- [RECORDS TO PROCESS]:

^^^^^^^^

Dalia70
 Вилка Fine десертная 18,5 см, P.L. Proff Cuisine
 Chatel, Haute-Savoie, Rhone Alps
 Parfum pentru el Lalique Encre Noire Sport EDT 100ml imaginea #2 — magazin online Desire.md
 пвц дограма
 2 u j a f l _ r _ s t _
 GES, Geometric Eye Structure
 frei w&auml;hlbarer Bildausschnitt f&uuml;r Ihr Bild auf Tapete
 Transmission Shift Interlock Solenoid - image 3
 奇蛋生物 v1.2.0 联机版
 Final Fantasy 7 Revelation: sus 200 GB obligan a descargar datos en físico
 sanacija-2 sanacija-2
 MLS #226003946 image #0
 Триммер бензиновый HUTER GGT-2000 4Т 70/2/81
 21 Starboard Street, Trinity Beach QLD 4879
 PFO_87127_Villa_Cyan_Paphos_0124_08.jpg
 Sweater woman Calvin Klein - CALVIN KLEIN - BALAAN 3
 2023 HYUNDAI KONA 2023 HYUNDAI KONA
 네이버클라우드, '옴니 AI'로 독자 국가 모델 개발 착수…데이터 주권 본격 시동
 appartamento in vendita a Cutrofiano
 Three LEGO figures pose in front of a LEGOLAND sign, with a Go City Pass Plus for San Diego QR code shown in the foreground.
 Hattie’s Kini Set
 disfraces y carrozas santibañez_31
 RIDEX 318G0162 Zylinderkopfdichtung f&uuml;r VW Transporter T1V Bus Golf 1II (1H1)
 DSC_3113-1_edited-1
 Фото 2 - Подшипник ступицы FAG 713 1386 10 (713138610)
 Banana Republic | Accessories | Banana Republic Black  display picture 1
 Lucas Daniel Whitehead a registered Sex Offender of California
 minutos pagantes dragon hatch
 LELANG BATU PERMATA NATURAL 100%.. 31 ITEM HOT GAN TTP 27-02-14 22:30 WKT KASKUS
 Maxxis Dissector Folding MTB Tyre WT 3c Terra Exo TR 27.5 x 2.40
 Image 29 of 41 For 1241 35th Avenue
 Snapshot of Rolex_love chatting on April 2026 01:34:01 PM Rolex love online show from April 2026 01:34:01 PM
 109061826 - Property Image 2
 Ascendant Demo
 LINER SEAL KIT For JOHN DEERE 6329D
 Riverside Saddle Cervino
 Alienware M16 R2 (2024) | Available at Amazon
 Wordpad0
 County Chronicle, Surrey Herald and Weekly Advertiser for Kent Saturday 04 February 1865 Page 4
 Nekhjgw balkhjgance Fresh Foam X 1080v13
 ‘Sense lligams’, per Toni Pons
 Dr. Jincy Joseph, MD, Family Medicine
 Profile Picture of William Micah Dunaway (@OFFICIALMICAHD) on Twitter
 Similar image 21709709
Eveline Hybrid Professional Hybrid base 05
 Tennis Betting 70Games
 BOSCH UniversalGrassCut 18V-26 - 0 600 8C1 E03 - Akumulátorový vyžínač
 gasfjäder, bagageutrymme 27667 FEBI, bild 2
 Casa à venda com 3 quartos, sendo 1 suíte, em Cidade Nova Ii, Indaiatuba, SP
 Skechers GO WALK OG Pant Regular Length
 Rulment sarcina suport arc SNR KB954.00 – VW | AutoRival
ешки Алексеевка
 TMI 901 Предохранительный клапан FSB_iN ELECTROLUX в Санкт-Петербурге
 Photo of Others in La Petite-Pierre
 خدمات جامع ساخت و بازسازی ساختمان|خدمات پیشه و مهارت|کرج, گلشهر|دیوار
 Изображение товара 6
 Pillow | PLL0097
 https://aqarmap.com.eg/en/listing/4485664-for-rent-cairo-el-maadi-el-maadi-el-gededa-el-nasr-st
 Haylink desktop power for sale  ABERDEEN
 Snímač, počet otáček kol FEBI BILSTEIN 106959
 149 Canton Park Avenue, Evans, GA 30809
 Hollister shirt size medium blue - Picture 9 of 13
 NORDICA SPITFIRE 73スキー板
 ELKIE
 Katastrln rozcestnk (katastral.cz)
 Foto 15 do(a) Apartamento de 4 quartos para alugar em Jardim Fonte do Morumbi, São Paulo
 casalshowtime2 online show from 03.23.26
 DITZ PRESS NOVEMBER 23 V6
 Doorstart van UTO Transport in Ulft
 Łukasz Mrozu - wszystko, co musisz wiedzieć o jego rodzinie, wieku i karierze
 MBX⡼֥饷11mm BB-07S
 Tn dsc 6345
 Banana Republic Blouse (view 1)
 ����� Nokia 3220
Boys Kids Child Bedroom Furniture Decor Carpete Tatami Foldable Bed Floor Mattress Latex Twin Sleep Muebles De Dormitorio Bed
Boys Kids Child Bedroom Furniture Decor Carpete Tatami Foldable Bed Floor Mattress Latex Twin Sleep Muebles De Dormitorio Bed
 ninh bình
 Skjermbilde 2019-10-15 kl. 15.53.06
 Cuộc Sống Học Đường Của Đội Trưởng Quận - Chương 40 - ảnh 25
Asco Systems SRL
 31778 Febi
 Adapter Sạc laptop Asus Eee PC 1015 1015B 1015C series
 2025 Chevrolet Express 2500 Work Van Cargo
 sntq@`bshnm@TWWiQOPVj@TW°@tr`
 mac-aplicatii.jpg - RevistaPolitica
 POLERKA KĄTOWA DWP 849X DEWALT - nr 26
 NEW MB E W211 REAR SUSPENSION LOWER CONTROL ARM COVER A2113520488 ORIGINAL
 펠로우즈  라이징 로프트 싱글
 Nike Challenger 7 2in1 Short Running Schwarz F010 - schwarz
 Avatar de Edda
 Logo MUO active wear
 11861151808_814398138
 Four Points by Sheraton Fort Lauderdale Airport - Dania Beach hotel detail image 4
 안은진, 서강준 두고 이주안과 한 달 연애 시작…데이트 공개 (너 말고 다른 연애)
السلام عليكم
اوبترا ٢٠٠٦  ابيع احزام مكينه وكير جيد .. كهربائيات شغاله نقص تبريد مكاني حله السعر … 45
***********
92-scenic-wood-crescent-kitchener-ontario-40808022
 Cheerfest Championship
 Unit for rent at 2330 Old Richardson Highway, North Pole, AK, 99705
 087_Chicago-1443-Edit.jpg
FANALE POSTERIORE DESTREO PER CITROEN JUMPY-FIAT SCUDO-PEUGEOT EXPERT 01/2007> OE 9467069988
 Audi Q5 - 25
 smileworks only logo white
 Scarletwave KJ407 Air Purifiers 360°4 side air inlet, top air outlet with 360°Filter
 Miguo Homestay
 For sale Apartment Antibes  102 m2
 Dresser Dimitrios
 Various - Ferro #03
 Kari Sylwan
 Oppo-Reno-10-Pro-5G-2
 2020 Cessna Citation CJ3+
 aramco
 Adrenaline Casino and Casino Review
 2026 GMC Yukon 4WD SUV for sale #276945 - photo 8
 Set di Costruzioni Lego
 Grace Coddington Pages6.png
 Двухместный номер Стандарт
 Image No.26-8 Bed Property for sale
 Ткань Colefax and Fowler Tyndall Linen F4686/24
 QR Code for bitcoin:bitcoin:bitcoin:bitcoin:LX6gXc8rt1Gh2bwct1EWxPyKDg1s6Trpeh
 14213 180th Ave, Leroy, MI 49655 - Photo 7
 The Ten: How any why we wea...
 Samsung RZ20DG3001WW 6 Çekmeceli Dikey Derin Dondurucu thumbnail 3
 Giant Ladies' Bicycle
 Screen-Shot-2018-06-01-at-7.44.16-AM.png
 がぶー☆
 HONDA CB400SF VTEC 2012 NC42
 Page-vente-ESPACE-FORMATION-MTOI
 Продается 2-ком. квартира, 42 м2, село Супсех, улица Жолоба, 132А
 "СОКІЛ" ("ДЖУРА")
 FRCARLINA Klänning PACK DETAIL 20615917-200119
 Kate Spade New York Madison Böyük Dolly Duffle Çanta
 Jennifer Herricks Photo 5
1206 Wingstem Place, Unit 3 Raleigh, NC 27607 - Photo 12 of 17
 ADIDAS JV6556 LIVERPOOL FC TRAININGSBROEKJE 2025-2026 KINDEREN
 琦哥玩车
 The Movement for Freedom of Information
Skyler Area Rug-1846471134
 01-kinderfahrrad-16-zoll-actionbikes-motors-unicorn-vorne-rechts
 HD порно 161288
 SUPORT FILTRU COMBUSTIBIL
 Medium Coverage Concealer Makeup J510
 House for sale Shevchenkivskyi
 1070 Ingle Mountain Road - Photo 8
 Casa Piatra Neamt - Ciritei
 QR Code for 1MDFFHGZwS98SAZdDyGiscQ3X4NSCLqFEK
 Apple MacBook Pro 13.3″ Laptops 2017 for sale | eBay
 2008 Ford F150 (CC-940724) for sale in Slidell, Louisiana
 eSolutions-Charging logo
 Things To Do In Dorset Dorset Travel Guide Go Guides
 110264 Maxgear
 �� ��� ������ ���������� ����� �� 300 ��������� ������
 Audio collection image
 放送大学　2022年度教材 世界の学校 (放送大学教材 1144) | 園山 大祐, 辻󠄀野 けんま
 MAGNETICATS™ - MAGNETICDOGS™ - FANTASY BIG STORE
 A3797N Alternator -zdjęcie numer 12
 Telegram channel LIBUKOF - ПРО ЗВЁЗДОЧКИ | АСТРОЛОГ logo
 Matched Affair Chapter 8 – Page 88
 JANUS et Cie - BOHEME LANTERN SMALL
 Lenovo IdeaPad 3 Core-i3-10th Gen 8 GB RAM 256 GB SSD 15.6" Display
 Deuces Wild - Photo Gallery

^^^^^^^^

- [WHAT IS BEING ASKED]:
Above are the records. Print exactly, and only, the lines from the line with "GES, Geometric Eye Structure" to the line with "PFO_87127_Villa_Cyan_Paphos_0124_08.jpg", both inclusive.

- [RESPONSE TO THIS TASK]:
 GES, Geometric Eye Structure
 frei w&auml;hlbarer Bildausschnitt f&uuml;r Ihr Bild auf Tapete
 Transmission Shift Interlock Solenoid - image 3
 奇蛋生物 v1.2.0 联机版
 Final Fantasy 7 Revelation: sus 200 GB obligan a descargar datos en físico
 sanacija-2 sanacija-2
 MLS #226003946 image #0
 Триммер бензиновый HUTER GGT-2000 4Т 70/2/81
 21 Starboard Street, Trinity Beach QLD 4879
 PFO_87127_Villa_Cyan_Paphos_0124_08.jpg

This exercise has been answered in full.